This follows HSBC’s (and other banks) freezing of the funds of an exiled Hong Kong legistator. These banks not only froze the funds of this particular politician, they froze the funds of his wife’s bank account as well as those of his parents after the Hong Kong police accused him of misappropriating funds after a crowdfunding campaign. Ted Hui, the legislator, said that it amounted to “political retaliation through economic oppression” and warned that he faced serious consequences if he returned to Hong Kong, including the potential of a lengthy jail sentence.

The freezing and seizures of funds has triggered anxiety and a move across borders when it comes to banking in Hong Kong.
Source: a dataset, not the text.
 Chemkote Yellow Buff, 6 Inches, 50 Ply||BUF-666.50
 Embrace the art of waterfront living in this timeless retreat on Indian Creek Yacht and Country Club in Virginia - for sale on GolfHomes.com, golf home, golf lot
Long regarded as a stable financial haven and the link between mainland China and the international financial system, now, some Hong Kongers are seeking to shift funds overseas in order to avoid the seizure of their assets in Hong Kong.

While the police has advanced the argument that this is standard procedure, the broadening of criminal activity into political activity with the advent of the new national security law (which essentially graphs mainland Chinese tenets of individual expression and activity to Hong Kong) has made some people leery of the security of their funds.

After all, subversion of state power (the statute under which legislators and activists are currently being charged) is a broad statute in the People’s Republic of China — anything that “undermines the central government” in mainland China has included dissidents of various stripes who have merely expressed their opinions or published writings advancing a more democratic version of the PRC.

Liu Xiaobo, the Nobel Prize laureate, was famously imprisoned under this legal tool until his death — largely for his writings and essays. In the case of the legislators and activists, “subversion” meant running a primary to try to form a democratically elected opposition to those in Hong Kong’s legislature who are inclined to politically support the central government of the PRC. It’s easy to see in this case how subversion might be expanded to cover a variety of ambiguous cases.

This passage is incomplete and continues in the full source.